On March 11, 2015, Jamaica’s Riverton City Dump erupted into flames, blanketing Kingston in a white cloud of potentially noxious fumes that persisted for more than a fortnight. It was another in a long history of trash blazes caused by mismanagement, malice, greed or all three, and observers called the event emblematic of the trials facing the Caribbean nation, which has struggled to lift itself out of third-world status since declaring independence in 1962.

Four days prior, a different kind of white enveloped Jamaica’s capital. On March 7, the country’s first Diner en Blanc unfolded at Emancipation Park, a public space erected in 2002 and maintained by the national government. More than 900 people donned pristine outfits and toted tables, plateware and food to the location for the pop-up picnic.

Several Jamaican activists noted an ironic juxtaposition of the two closely-timed Kingston happenings. In a Facebook note titled “While Rome burns,” Sarah Manley, daughter of former Jamaican Prime Minister Michael Manley, called out the “elites” who found time and money to host an edition of the global, Paris-born dinner gathering, but couldn’t improve the country’s garbage disposal.

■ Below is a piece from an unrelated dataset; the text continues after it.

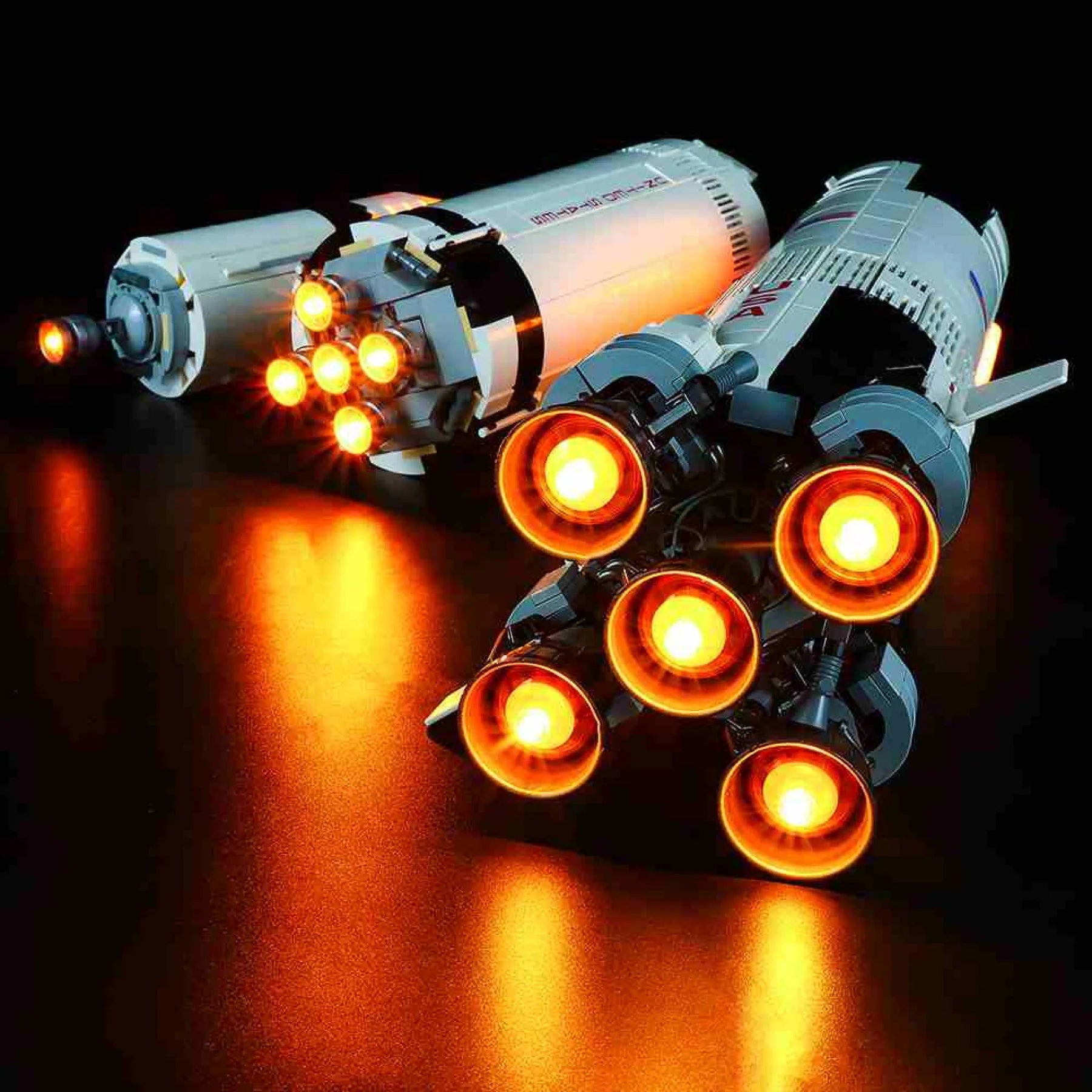 Iluminação para a Apollo 5 - NASA AS-204 Saturno V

There were also vocal supporters of Diner en Blanc Kingston, people who were proud their city was joining the ranks of the close to 40 around the world to host DEB. “They just can’t stop us JAMAICANS,” posted one person on an FB video shot at the picnic. Exclamations of “Beautiful!” and “Amazing!” filled #DinerenBlancKgn feeds. “What is it all about?” asked one commenter, who received the reply: “I think it’s inspired by a party done in New York or Philly.”

Philadelphia is certainly not Kingston. But the response to Diner en Blanc, which will pop up for the fourth time here this August, has similarly divided Philadelphia.

All walks of life

Some, like Di Bruno Bros. vice president Emilio Mignucci, see the event in a positive light. “Like any sporting event, movie, dinner in a restaurant,” he said, “[DEB] is a way for people to have a minor distraction from their everyday lives and come together to celebrate with like-minded people.”

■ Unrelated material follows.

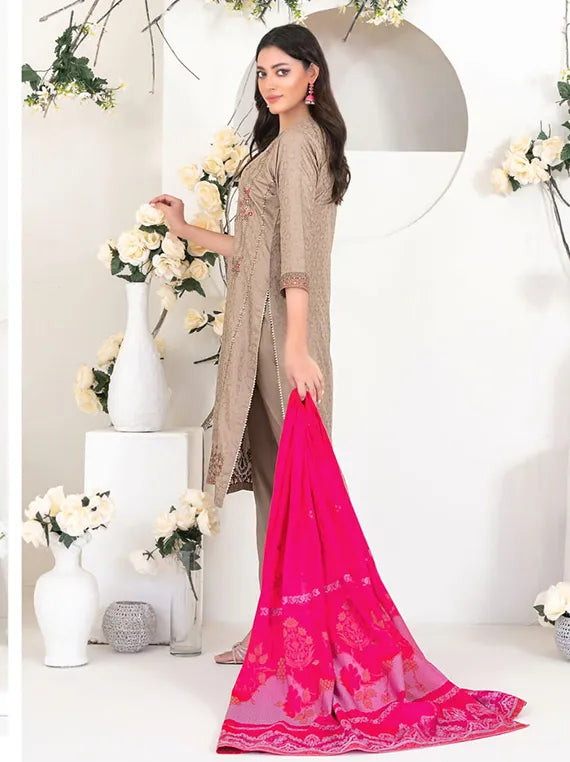 Yumna Embroidered Viscose Collection 2025 by Tawakkal Fabrics (D-4556)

To others, the event reeks of entitlement. It’s a private gathering taking over public space, and one with a dress code, at that. Joey Sweeney, editor and founder of Philebrity, has been outspoken in his distaste for DEB.

“If you were a mediocre student in high school French,” he observed in an email to Billy Penn, “there is a decent chance that you could directly translate the very phrase ‘Diner en Blanc’ as ‘white privilege.’ And the thing is, in this case, you would not be totally wrong.”

But though she can’t speak for other cities, DEBphl co-host Natanya DiBona maintains that in Philadelphia, it would be a misnomer to call picnic participants “elite.” People from all walks of life participate, and there’s no VIP section to separate them out — you’ll find CEOs next to limo drivers and lawyers next to bartenders, she explains.

The diversity of backgrounds is no fluke. Before the first event in 2012, when very few Philadelphians were aware of DEB’s existence, DiBona and co-host Kayli Moran met with the mayor’s office and asked for recommendations of what groups DEB should engage, with the goal of reaching the widest audience possible. It was essential to do this in the beginning, DiBona notes, because of the way registration works: People who have attended in the past are guaranteed a seat at the next picnic, if they want it, while newcomers vie for the remainder.

Of course, limited availability only makes people want to attend more, and after the inaugural event, DEBphl has always drawn a lot of newcomers. The original 2012 picnic in Logan Square had 1,300 in attendance — a hard-fought number, since DiBona had trouble even finding a PR representative that would work with her to get the word out. But the second event sold out in 24 minutes, and brought 2,200 people to a pop-up dining room established on the JFK Bridge. In 2014, more than 3,500 white-clad Philadelphians descended onto the Avenue of the Arts to dine.

The current wait list has more than 26,200 people on it, all hoping for a spot, with 6,230 of those added this year. They’re fighting to register for a total of 4,300 seats.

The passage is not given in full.